Prefect of Meuse to file complaint over revisionist remarks at Pétain homage

The prefect of Meuse, Xavier Delarue, announced plans to file a complaint over revisionist remarks made during a mass honoring Marshal Pétain in Verdun. About twenty sympathizers attended the service, despite opposition from the mayor and around a hundred protesters. The interior minister and the CRIF condemned the statements.

On Saturday, November 15, a mass honoring Marshal Pétain and his soldiers took place in Verdun's Saint-Jean-Baptiste church, shortly after the 1918 armistice commemoration. The city's mayor, Samuel Hazard (divers gauche), had attempted to ban the event with a decree, but the Nancy administrative court annulled it on Friday. The Association for Defending the Memory of Marshal Pétain (ADMP) had received authorization from the archbishop-bishop of Metz.

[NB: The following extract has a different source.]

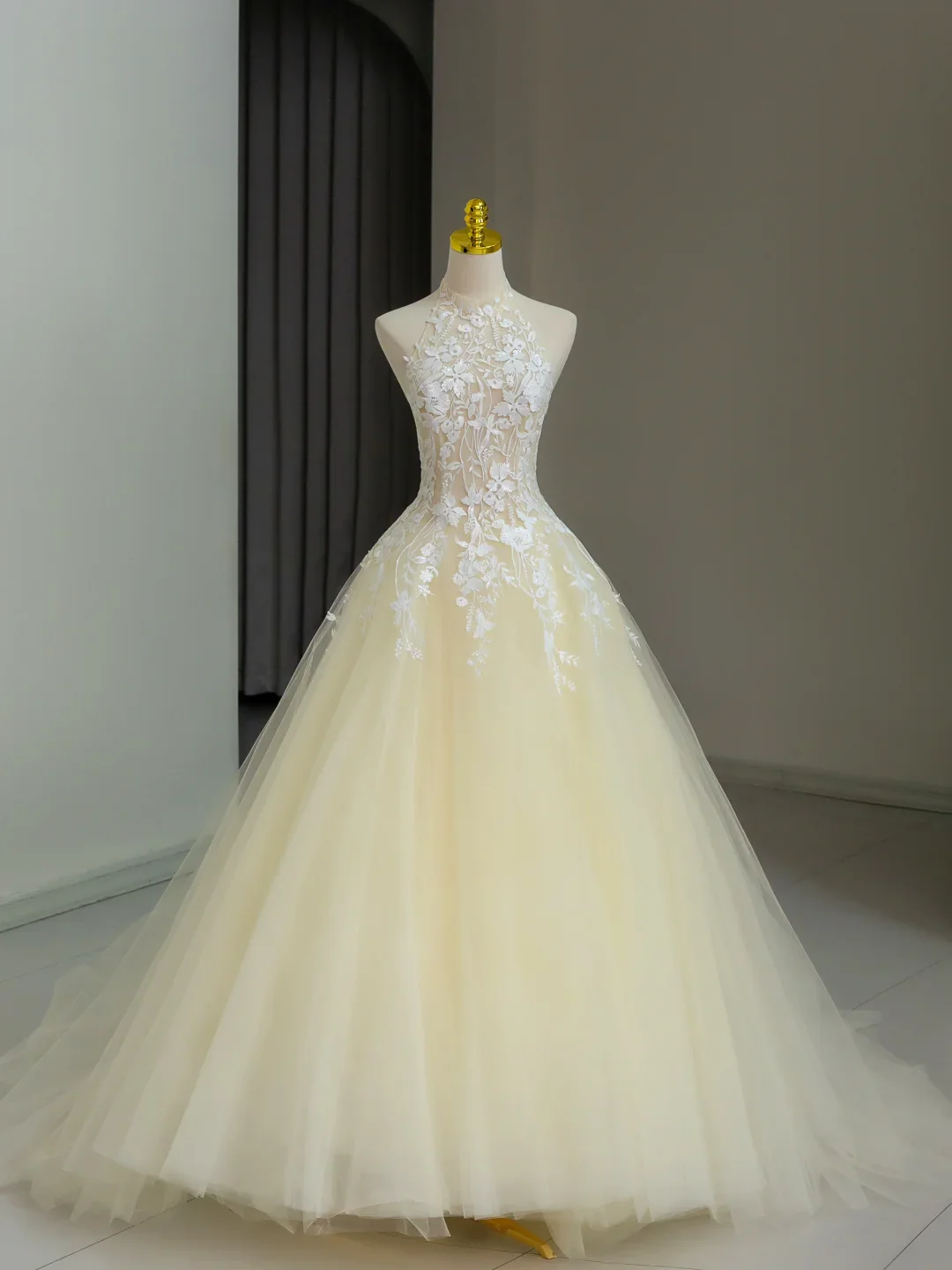 Pretty Ball Gown High Neck Tulle Light Yellow Long Quinceanera Dress Formal Gowns Vestido De 15 Anos Sweet 16 Dress DH1135 - Deanwangkt
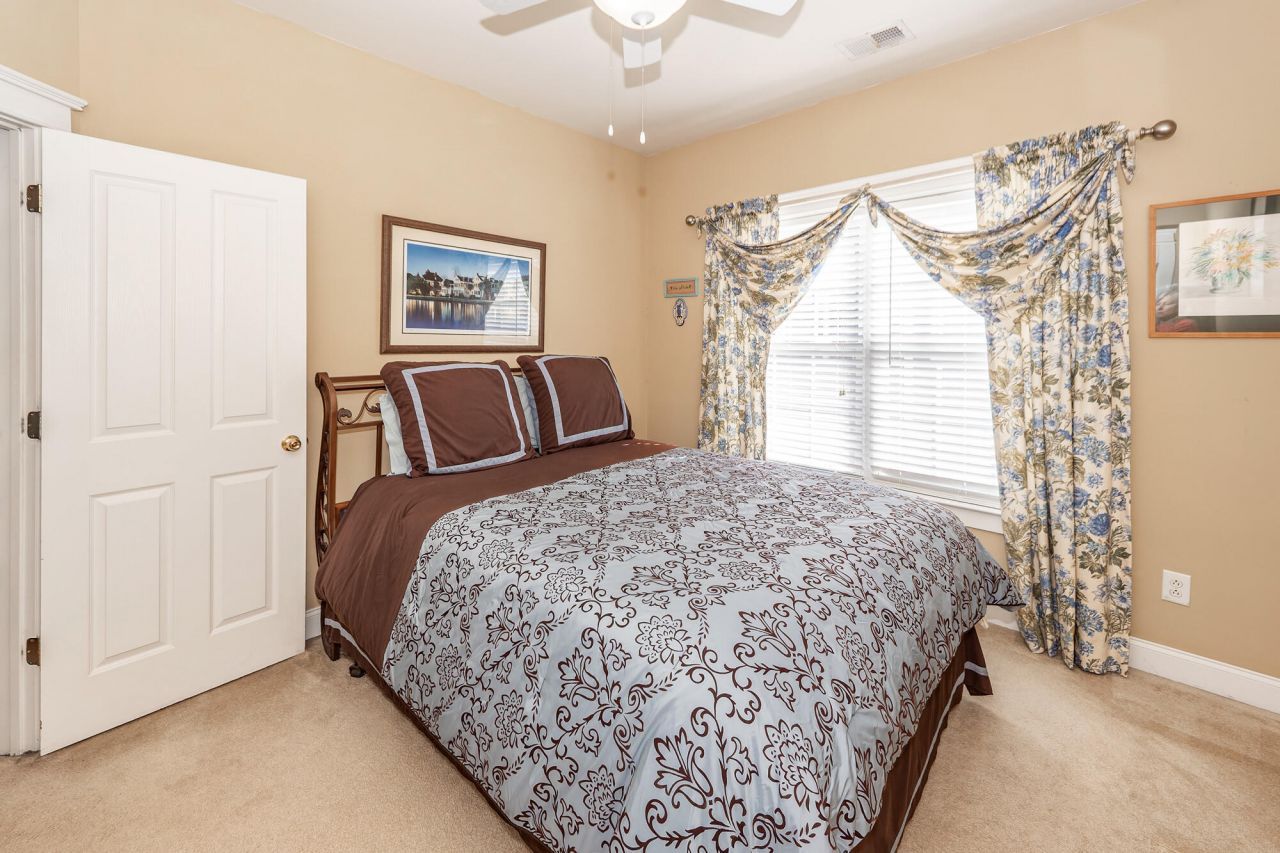 400 Hydrangea Street Photo 40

Only « a very small number » of people, « about twenty at most », attended the service, according to prefect Xavier Delarue. He had spoken beforehand with the priest to ensure compliance with the 1905 law on the separation of church and state, prohibiting political speeches. Upon exiting, ADMP president Jacques Boncompain told journalists that Pétain, head of the Vichy regime and condemned to death in 1945, was « the first resistant of France ». He added that the 1945 trial « did not meet the criteria of equity ». A protester shouted: « Aren't you afraid of prosecution? ».

Amid boos, Pierre-Nicolas Nups, a far-right activist and former Parti de la France candidate in the 2024 legislative elections in Meurthe-et-Moselle, sang « Maréchal, nous voilà ». The prefect also plans a complaint against « two individuals » linked to the party for harassing law enforcement.

Outside, about twenty police and gendarmes oversaw a hundred protesters singing La Marseillaise, with several elected officials present. Samuel Hazard said he was « deeply hurt », thinking « of all the victims of Nazi barbarity and the national revolution ». Parishioner Mariette Descamps held a sign reading « Catho, pas facho » and stated: « It is not possible that we deviate like this ».

Interior Minister Laurent Nuñez reacted on X: « The remarks made today on the sidelines of a mass in “homage” to Philippe Pétain in Verdun are contrary to our collective memory. [...] I firmly condemn any attempt to rehabilitate a figure linked to collaboration and oppression. » Yonathan Arfi, CRIF president, denounced an « insult to the memory » of deportees, calling it « apology for collaboration ». Pétain, a World War I hero, was stripped of national dignity in 1945 for « intelligence with the enemy and high treason ».